*Your instructions:*
Could you write out exactly, and only, the lines from the one containing "Pans, Stainless Steel" through the last line of the data, leaving out all pictures?
+++ Material provided
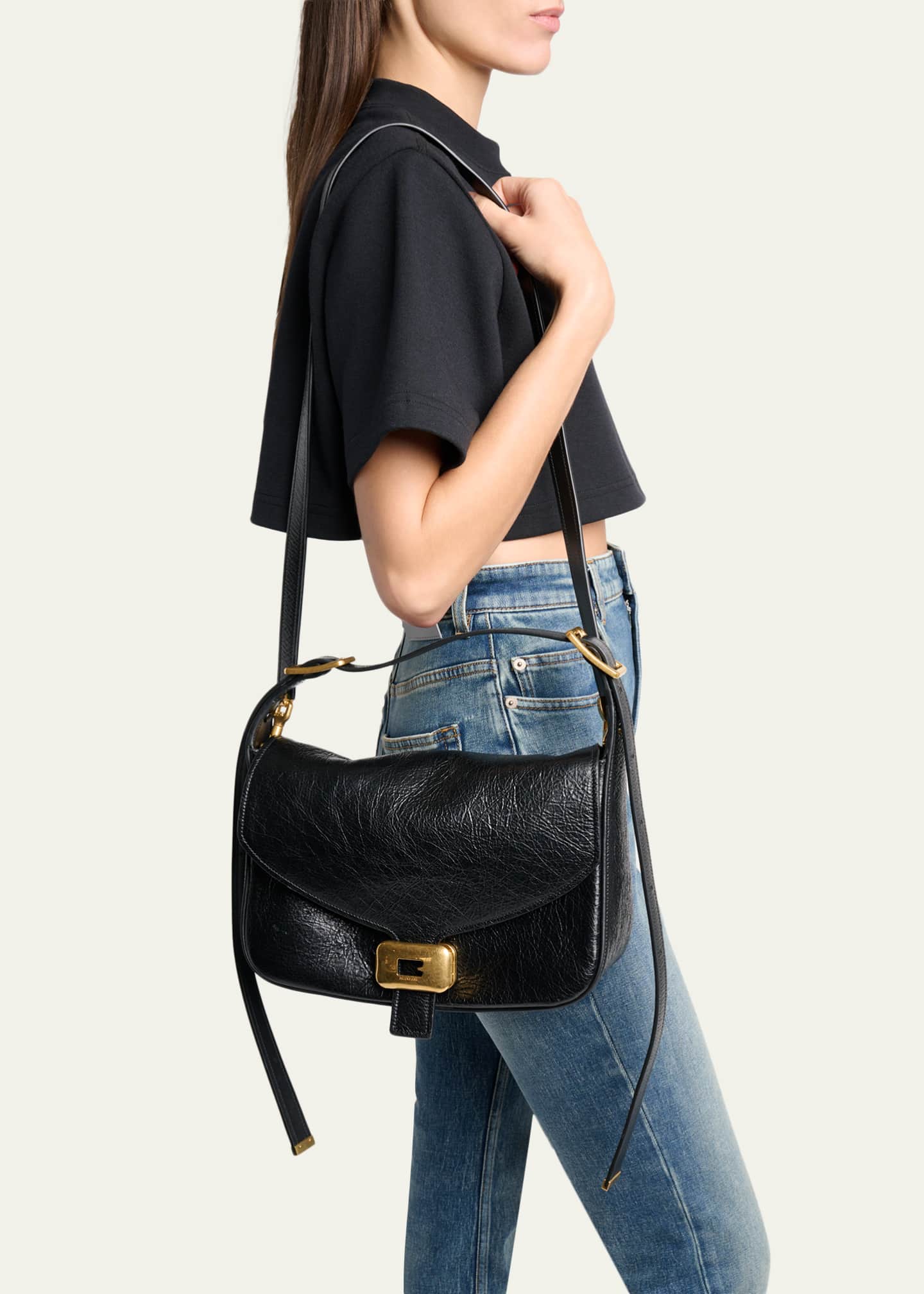 Balenciaga Clicca B-Buckle Leather Shoulder Bag - Bergdorf Goodman
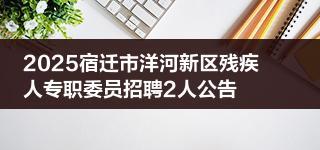 2025宿迁市洋河新区残疾人专职委员招聘2人公告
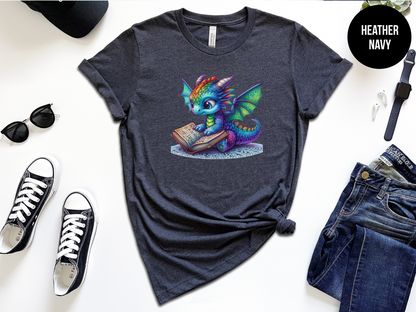 Baby Dragon Reading a Book Shirt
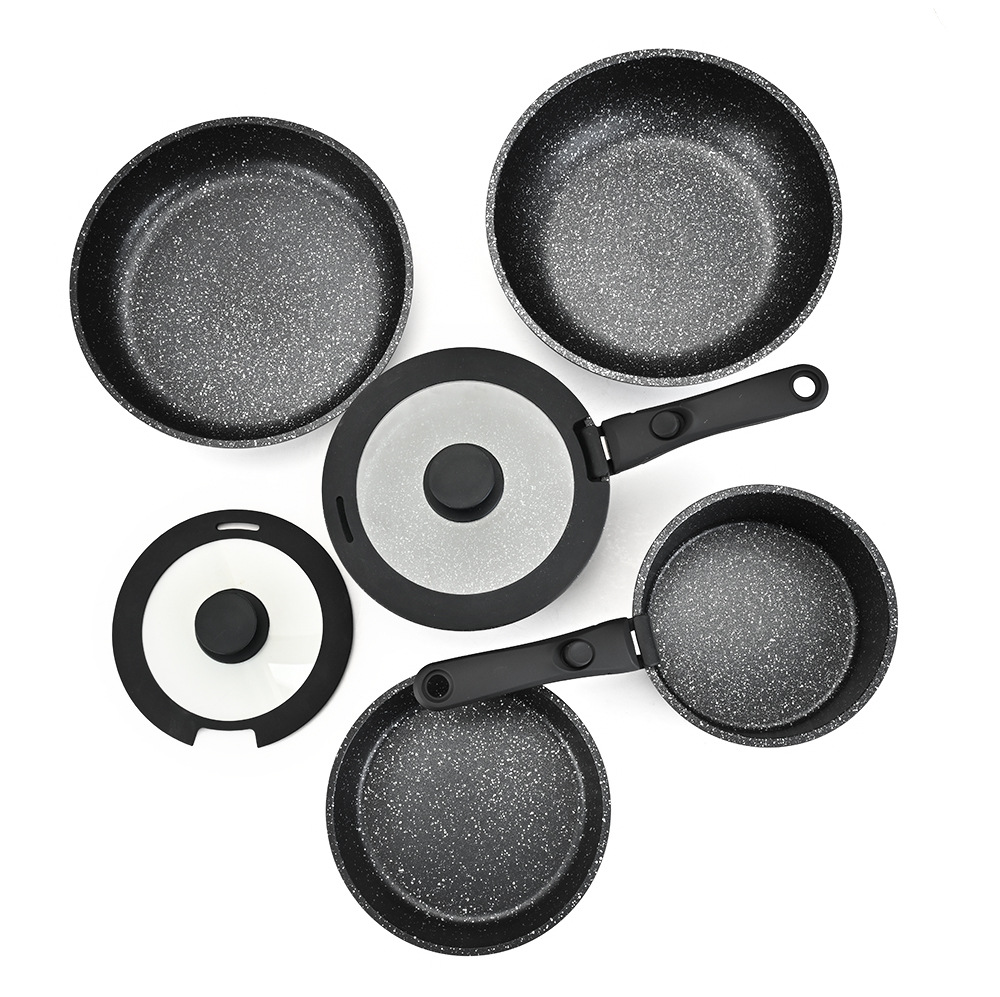 Juego de wok antiadherente doméstico desmontable transfronterizo, cocina de inducción de piedra médica, estufa de gas, sartén universal de fondo plano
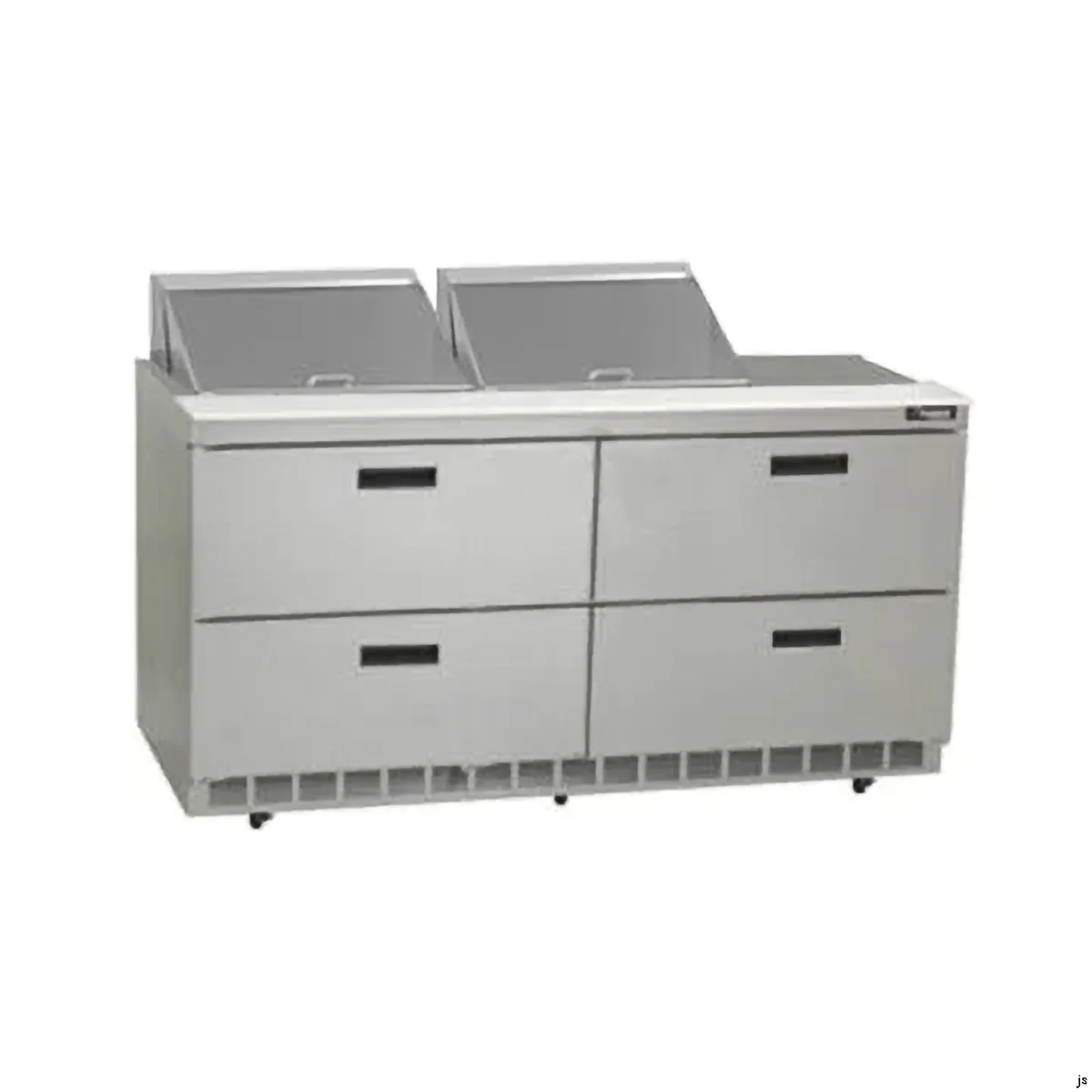 Delfield D4448NP-12 48" 2-Section Sandwich/Salad Prep Table, 4-Drawer, 12 Pans, Stainless Steel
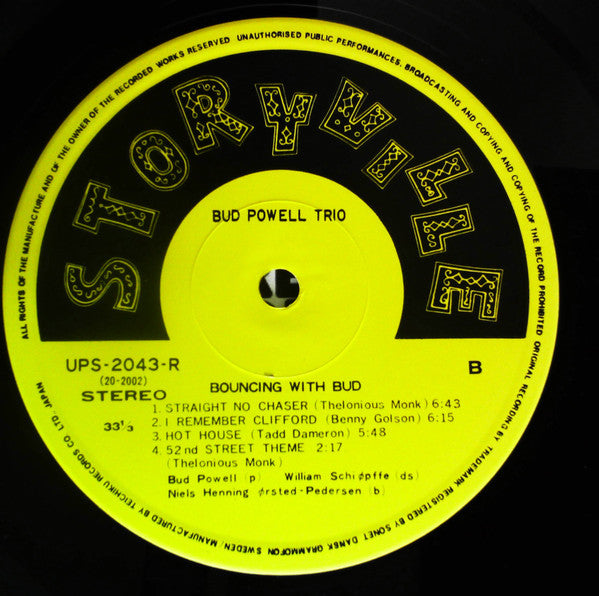 Bud Powell Trio* - Bouncing With Bud (LP, Album, RE)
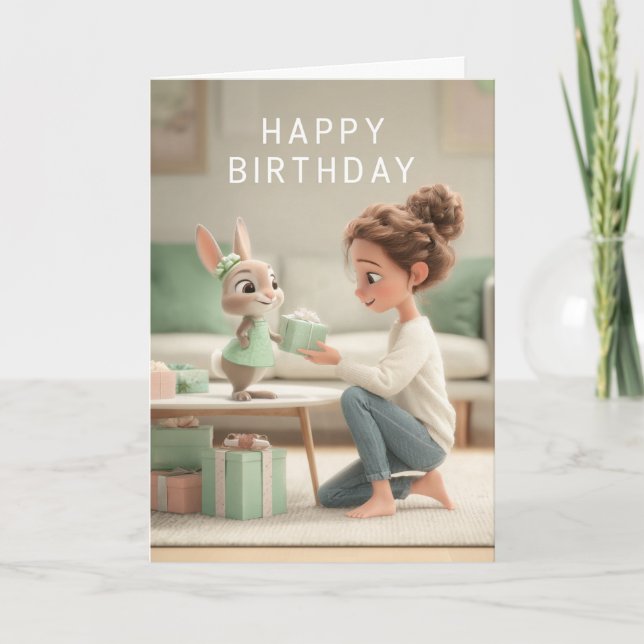 Carte Woman & Baby Bunny in Mint Green Dress Birthday (Devant)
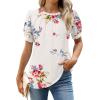 imageWEACZZY Womens Puff Short Sleeve Tops Dressy Casual Crew Neck Pleated T Shirts Cute Blouse Tunic Top Fashion Clothes 2025Floral White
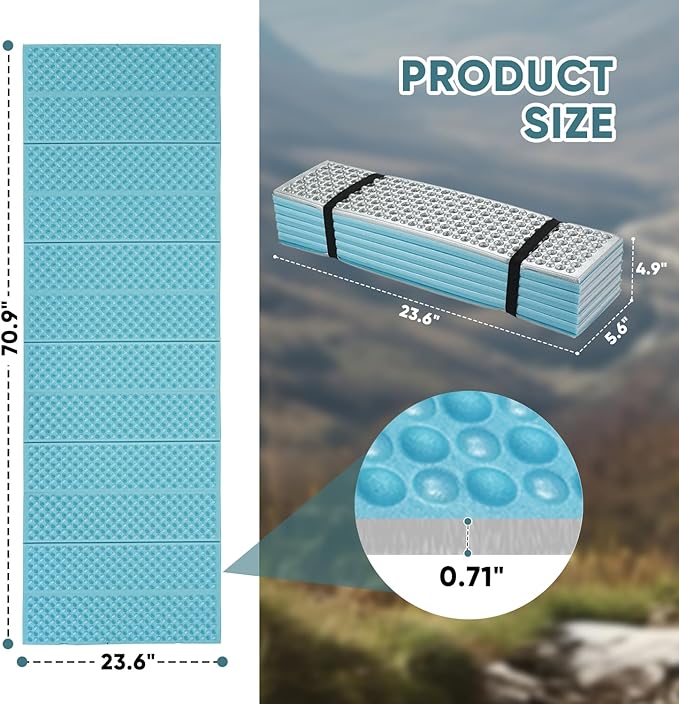 Ultralight Foam Sleeping Pad, Waterproof Closed Cell Foam Pad for Superior Insulation, Folding Sleeping Mat for Compact Storage, Foldable and Portable for Hiking and Camping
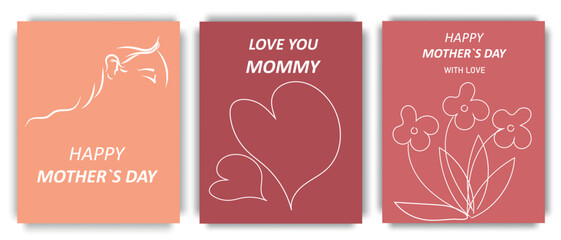 Design for Mother's Day. Set in modern art style with hand-drawn flowers and a woman's silhouette on a trendy peach background. Vector illustration.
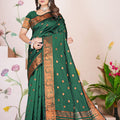 Saumyani Fashion Litchi Silk Green saree Wedding Wear,Festival wear Saree For Women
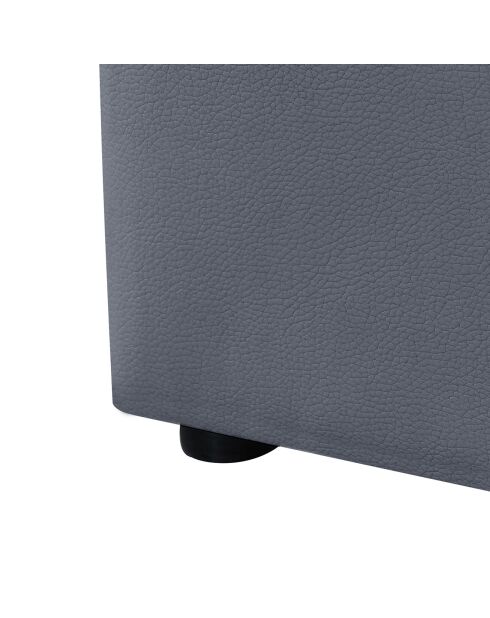 Lit coffre Hanna en PVC gris avec sommier 140x190cm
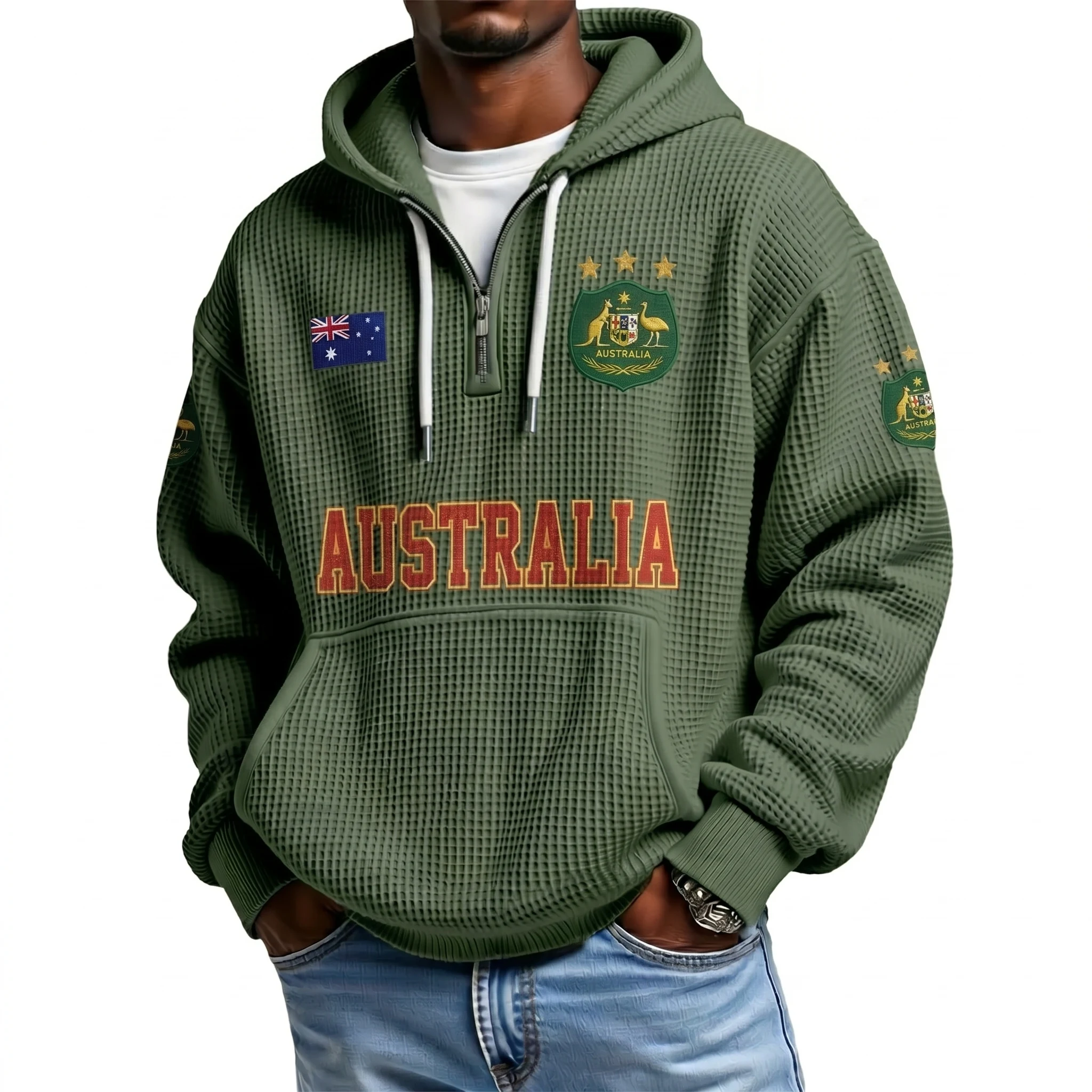 Australia Printed Waffle Quarter Zip Football Fan Hoodie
++++++
*Output of the task:*
 Delfield D4448NP-12 48" 2-Section Sandwich/Salad Prep Table, 4-Drawer, 12 Pans, Stainless Steel
 Bud Powell Trio* - Bouncing With Bud (LP, Album, RE)
 Carte Woman & Baby Bunny in Mint Green Dress Birthday (Devant)
 imageWEACZZY Womens Puff Short Sleeve Tops Dressy Casual Crew Neck Pleated T Shirts Cute Blouse Tunic Top Fashion Clothes 2025Floral White
 Ultralight Foam Sleeping Pad, Waterproof Closed Cell Foam Pad for Superior Insulation, Folding Sleeping Mat for Compact Storage, Foldable and Portable for Hiking and Camping
 Design for Mother's Day. Set in modern art style with hand-drawn flowers and a woman's silhouette on a trendy peach background. Vector illustration.
 Saumyani Fashion Litchi Silk Green saree Wedding Wear,Festival wear Saree For Women
 Lit coffre Hanna en PVC gris avec sommier 140x190cm
 Australia Printed Waffle Quarter Zip Football Fan Hoodie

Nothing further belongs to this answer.